Generally speaking, my family has been blessed with enough money for necessities but not enough for the fancy luxuries. This summer (and last summer too) that changed for a short time. I've been able to afford a full time household staff to clean, cook and do yard work. No, no neither my boss nor my husband's handed out big raises; rather, my teenagers got out of school and had plenty of free time on their hands. As a mother, it is my duty to fill that time. As would be expected for what I'm paying them (well, I guess if you add up everything they are costing me, they are a very expensive household staff, but the fact of the matter is, the law says I have to feed them, so I might as well get some work out of them), the quality of the work may not always be to professional standards, but they are getting better.
I'm really pushing cooking this summer (they had major cleaning lessons last summer) which brings me back to this book I'm reviewing. It is filled with recipes that my kids will eat and that my teens can cook.

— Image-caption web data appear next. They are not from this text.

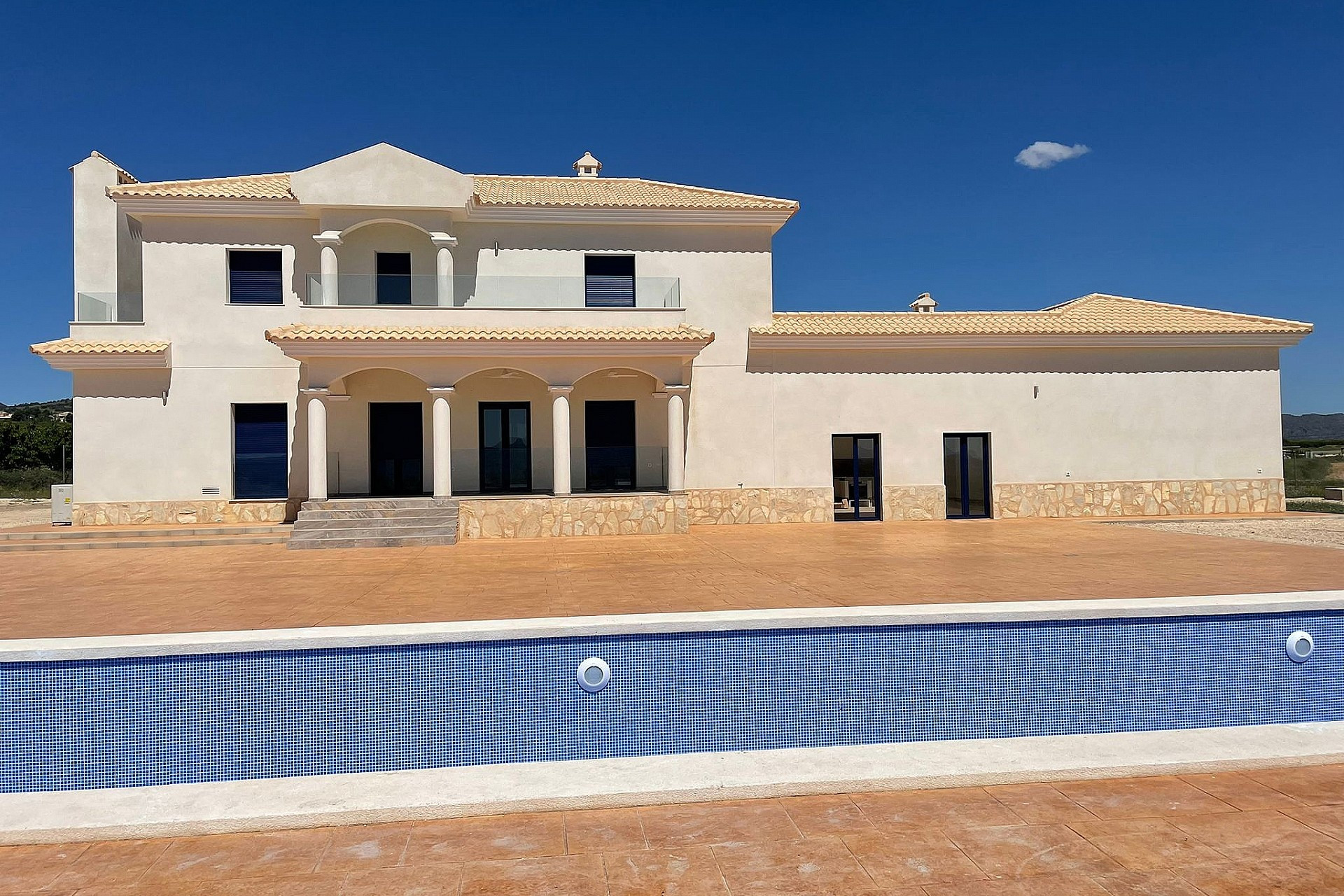 Nouvelle construction - Villa -
Pinoso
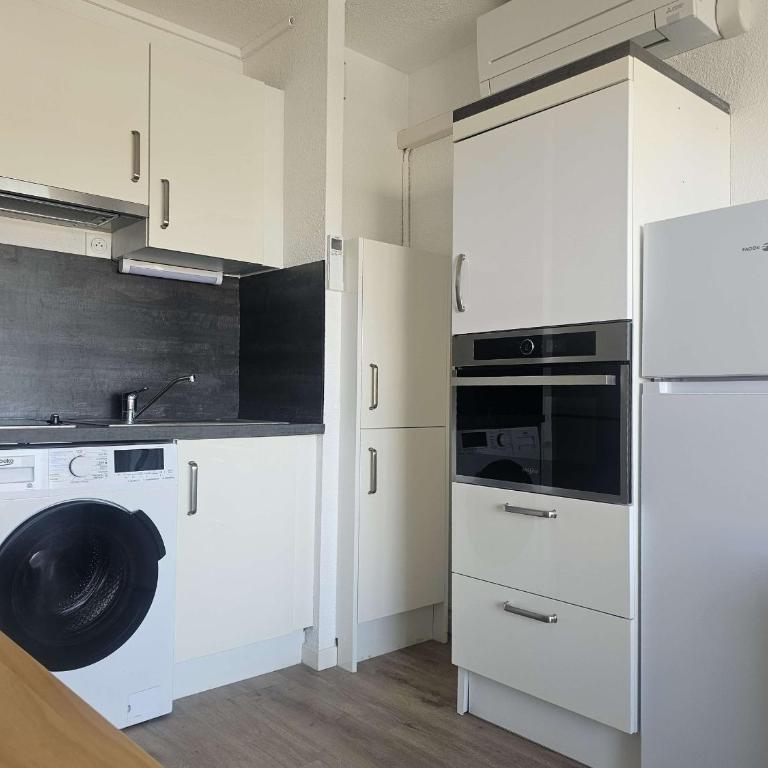Appartement T1 avec Climatisation à Balaruc-les-Bains - FR-1-553-307 - Apartamento - 6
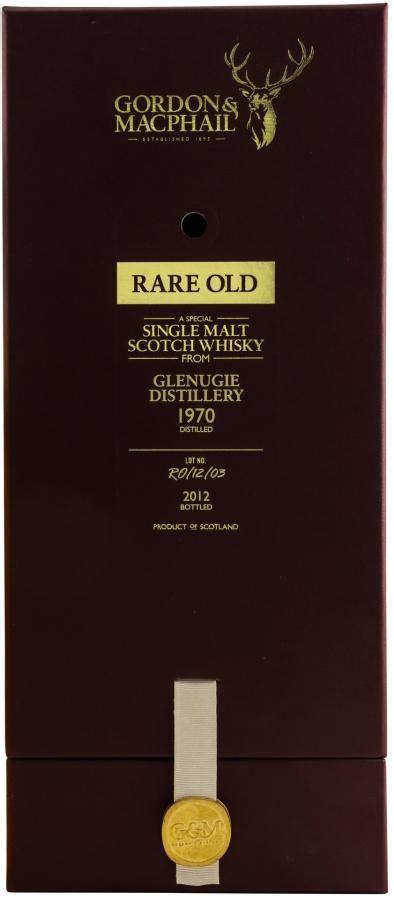 Glenugie 1970 GM - Ratings and reviews - Whiskybase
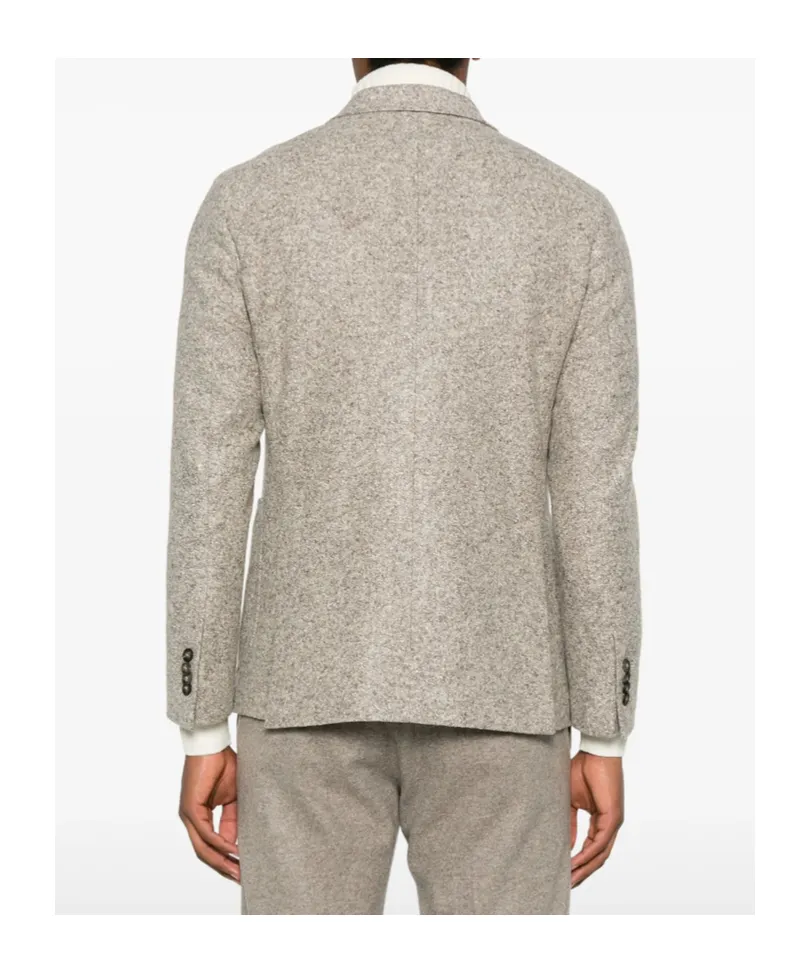 Long-Sleeved Suit Jacket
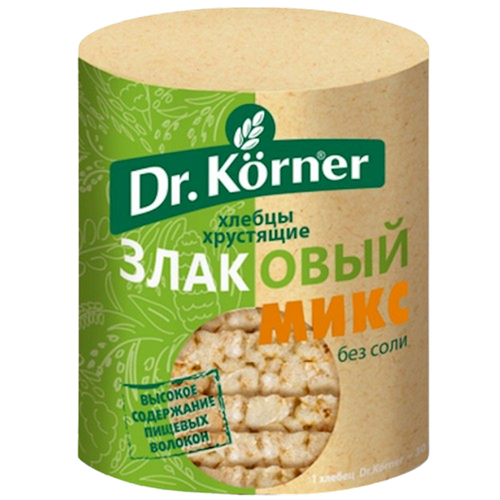 HLEBTSI DR.KORNER MIX 20/90GR RUSSIA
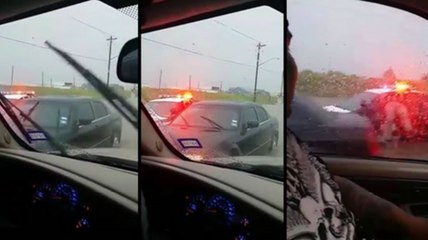 You Don’t Usually See Cops Stuck In Windows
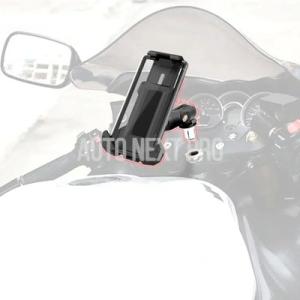 GPS/携帯電話ホルダーマウントブラケットトリプルツリーステムヨークスズキハヤブサ Gsx 1300...
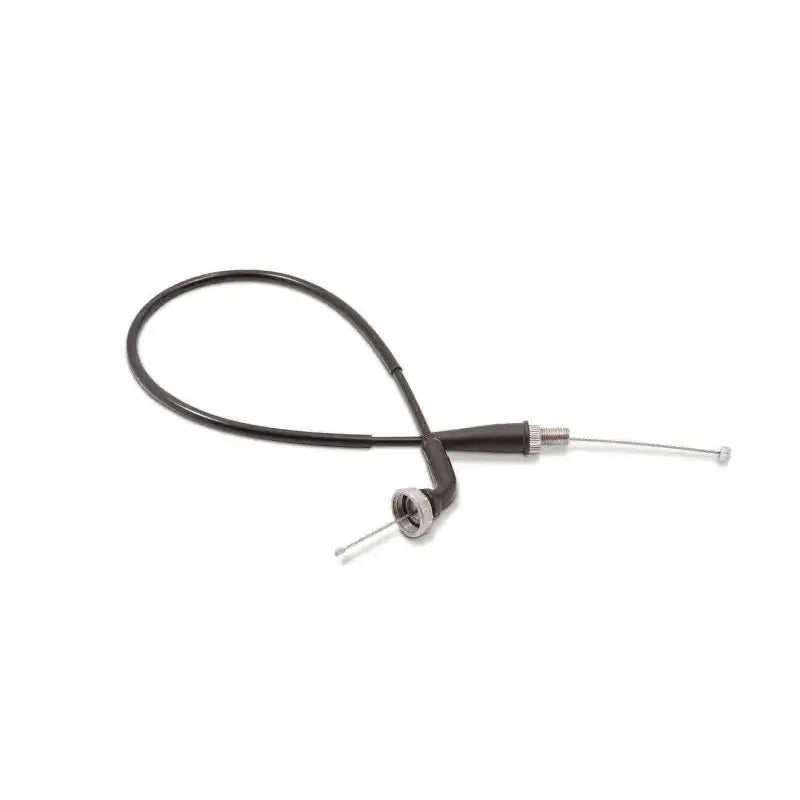 02-0617 Black Vinyl Throttle Cable With Cap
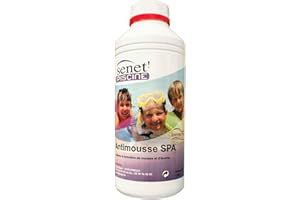 senet' piscine Anti-Mousse pour Spa - 1 L
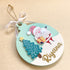 Personalised Christmas Bauble - Santa Claus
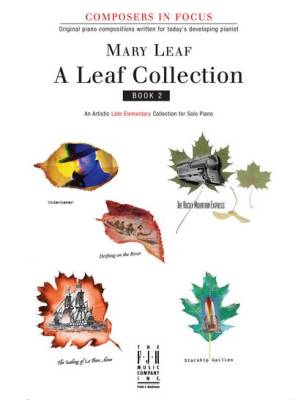 FJH Music Company - A Leaf Collection, Book 2 - Leaf - Piano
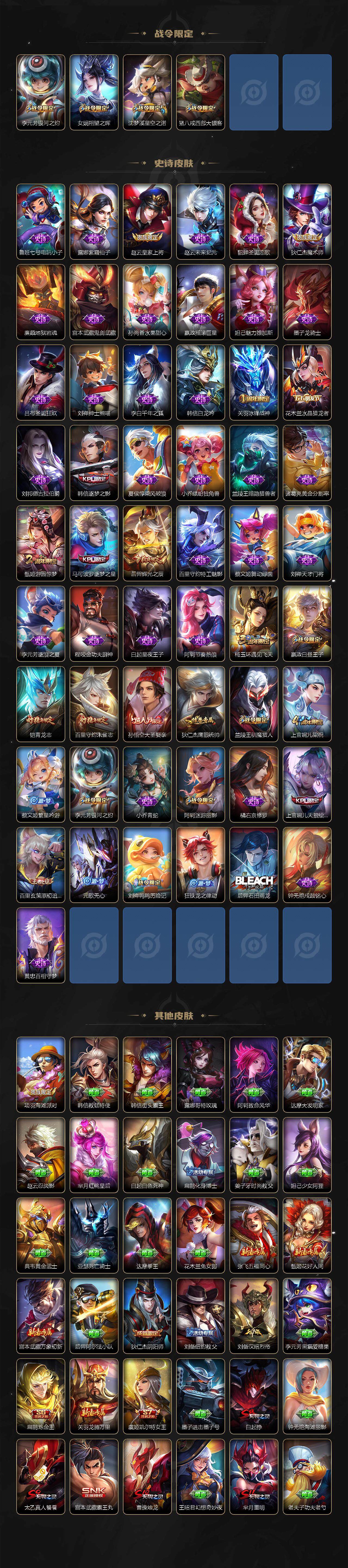 WZCMW3444242王者荣耀账号详情图4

Fix-It and Forget-It Cookbook: 700 Great Slow Cooker Recipes (Fix-It and Forget-It Series) for pork chop recipes and found quite a few. After examining what was in my pantry and considering what the crew would eat, I told my daughter what she was making for supper. She found the directions easy to follow (well, she said she followed them, but I wasn't home so I don't know if she did, or just said she did, but this book is dead simple and she's a bright kid) and the pork chops were good--tender and not dry but cooked through. The recipe called for adding mushroom soup and rice to the crockpot, along with the pork chops. When I got home and looked at the crock pot, it looked more like soup than a casserole. I added a cup of minute rice a absorb the excess liquid and the end result was a tasty side dish. In short, if she followed the directions, this recipe need either less liquid or more rice.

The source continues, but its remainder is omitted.